Coaches upset over NCAA proposalsRules Committee recommends major changes, including not allowing icing while shorthanded
Going against the wishes of the vast majority of Division I men’s coaches — and all 12 Western Collegiate Hockey Association coaches — the NCAA Rules Committee recommended major rules changes for this upcoming season.
By: Brad Schlossman, Forum Communications Co.
GRAND FORKS — Going against the wishes of the vast majority of Division I men’s coaches — and all 12 Western Collegiate Hockey Association coaches — the NCAA Rules Committee recommended major rules changes for this upcoming season.
Among others, the committee forwarded a suggestion that the NCAA no longer allow a team to ice the puck while killing a penalty.
News of the recommendation — which needs the approval of the NCAA Playing Rules Oversight Panel in July in order to go into effect — caught coaches across the country off guard Friday. During their April meetings, the coaches resoundingly voted down the icing proposal.
WCHA coaches voted 12-0 against it. Atlantic Hockey coaches voted 12-0 against it. And Central Collegiate Hockey Association coaches voted 11-0 against it.
“I think it’s just a crime,” Bemidji State coach Tom Serratore said. “I’ve been in college hockey for 18 years and I’ve never seen anything like this in my life. It was almost unanimous for the entire coaching body. How can the committee overturn the entire coaching body? I think it’s sad, the lack of respect that the committee had for the coaching body.
“We didn’t spend any time even talking about it because it was so radical. We just voted 12-0 and moved on.”
Both Serratore and UND coach Dave Hakstol raised several concerns.
One is the safety issue. Since players are not allowed to change after an icing call, a player could be stuck on the ice for two or three minutes straight on a penalty kill.
Another concern is that the icing rule hasn’t been tried on an experimental basis to determine if it works. No North American hockey league uses it.
“It’s quite a shock,” Hakstol said. “I haven’t said much, but I’m going to speak my mind on this.
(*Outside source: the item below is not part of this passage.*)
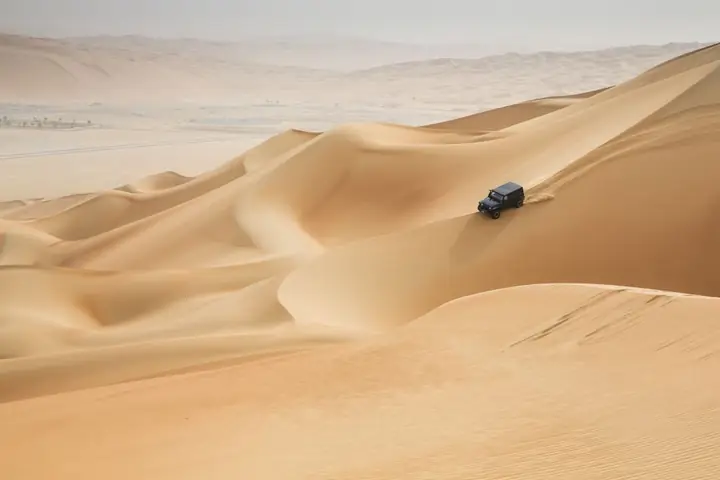 Wellenförmige Sanddünen der Wahiba Sands im Abendlicht, Oman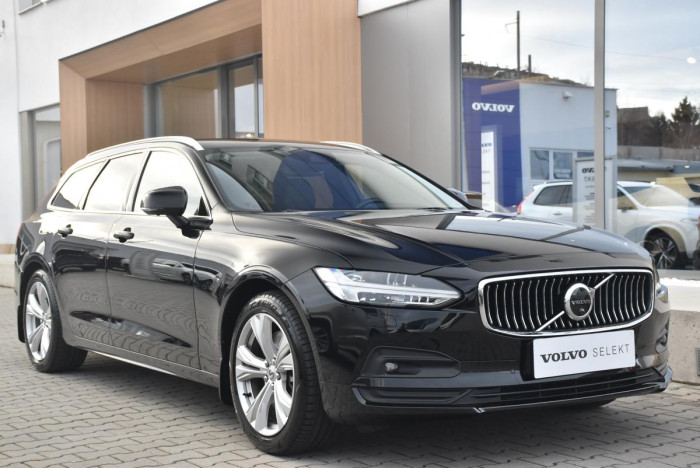 Volvo V90 B4 MOMENTUM REZERVACE 2.0 Momentum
I’m upset about us not having a say in it as a Division I coaching body. On a national basis, we were very strongly against it, if not unanimously against it.
“I’d be in favor of having some language that would allow us to experiment with a couple things in exhibition games. I’d like to be able to make some more educated decisions. But we haven’t tried these rules. They’ve never been tried at a high level. And if this change is made, it’s a two-year commitment.”
The NCAA is only allowed to alter the rules every two years. This offseason is one of those years.
Alaska-Fairbanks athletic director Forrest Karr, a former Notre Dame goalie, explained the committee’s decision in a statement.
“In keeping with the committee’s philosophy to encourage skill and create scoring chances, this will enhance power-play opportunities,” Karr said. “After lengthy discussion, the committee concluded that the previous rule inappropriately provided relief for a team that committed an infraction.”
The rule also would apply to the women, as the NCAA has a universal rulebook.
“I never thought in a million years that this would pass,” said UND women’s coach Brian Idalski, who also said this will likely slow down the game.
Serratore said he was on the phone with coaches for much of the day.
“I’m trying to figure out if there’s a way we can overturn this,” he said, “because this is preposterous. I can’t believe this went.”
Hits to the head
Another major recommendation is that the penalty of “contact to the head” becomes an automatic five-minute major and game misconduct, at minimum.
WCHA coaches forwarded the suggestion that referees have discretion whether to call a minor, a major or add an additional penalty on to the major, but that was not followed.
Hits to the head have come into focus after players in the NHL and college hockey suffered major injuries because of headshots, including UND captain Chay Genoway.
Genoway suffered a concussion in November last season on an illegal hit to the head and was unable to return for the rest of the season.
“There’s no easy answer to addressing the issue,” Hakstol said. “It is an important issue to deal with, but I’m very afraid of taking hitting out of the game. I don’t like jumping off the deep end. I think you have to address it with some very good facts and a certain degree of moderation. I’m not in favor of not leaving any options for our officials.”
Serratore agreed with Hakstol.
“It’s a situation that should be at the discretion of the referee,” he said.
Schlossman is a reporter for The Grand Forks Herald, which is owned by Forum Communications Co.